Segment Start: EXERCISE MATERIALS
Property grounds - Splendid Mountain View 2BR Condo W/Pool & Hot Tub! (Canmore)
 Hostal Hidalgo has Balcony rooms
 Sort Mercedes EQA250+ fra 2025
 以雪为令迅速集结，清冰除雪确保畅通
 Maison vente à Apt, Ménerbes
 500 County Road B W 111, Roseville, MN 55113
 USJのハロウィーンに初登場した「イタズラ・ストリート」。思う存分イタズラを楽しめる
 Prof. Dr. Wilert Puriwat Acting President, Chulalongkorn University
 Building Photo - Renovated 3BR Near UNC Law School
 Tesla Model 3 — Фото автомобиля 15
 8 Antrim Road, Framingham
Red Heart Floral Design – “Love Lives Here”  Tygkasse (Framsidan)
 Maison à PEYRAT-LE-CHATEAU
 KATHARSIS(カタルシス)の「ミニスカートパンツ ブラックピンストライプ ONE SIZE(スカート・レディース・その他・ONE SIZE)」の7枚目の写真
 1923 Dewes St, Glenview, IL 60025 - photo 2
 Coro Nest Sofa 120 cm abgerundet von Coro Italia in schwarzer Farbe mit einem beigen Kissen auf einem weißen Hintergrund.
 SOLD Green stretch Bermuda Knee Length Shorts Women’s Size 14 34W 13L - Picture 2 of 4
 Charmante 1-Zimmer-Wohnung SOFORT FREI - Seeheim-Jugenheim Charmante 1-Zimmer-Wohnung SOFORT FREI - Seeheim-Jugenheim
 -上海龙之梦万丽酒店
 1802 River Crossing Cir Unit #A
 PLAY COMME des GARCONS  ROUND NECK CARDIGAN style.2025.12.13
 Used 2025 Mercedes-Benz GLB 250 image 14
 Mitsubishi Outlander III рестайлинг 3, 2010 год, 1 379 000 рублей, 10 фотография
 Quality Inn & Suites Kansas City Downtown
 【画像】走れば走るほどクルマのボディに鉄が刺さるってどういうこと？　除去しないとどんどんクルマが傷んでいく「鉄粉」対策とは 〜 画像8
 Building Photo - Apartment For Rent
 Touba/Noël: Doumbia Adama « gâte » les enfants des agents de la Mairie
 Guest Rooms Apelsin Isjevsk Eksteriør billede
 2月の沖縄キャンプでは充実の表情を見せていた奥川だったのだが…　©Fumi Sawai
Segment End: EXERCISE MATERIALS
**WORK TO BE COMPLETED**
Take the entries above and return only the lines from the one with "Maison vente à Apt, Ménerbes" to the one with "Red Heart Floral", both included, unchanged.

**RESPONSE AREA**
 Maison vente à Apt, Ménerbes
 500 County Road B W 111, Roseville, MN 55113
 USJのハロウィーンに初登場した「イタズラ・ストリート」。思う存分イタズラを楽しめる
 Prof. Dr. Wilert Puriwat Acting President, Chulalongkorn University
 Building Photo - Renovated 3BR Near UNC Law School
 Tesla Model 3 — Фото автомобиля 15
 8 Antrim Road, Framingham
Red Heart Floral Design – “Love Lives Here”  Tygkasse (Framsidan)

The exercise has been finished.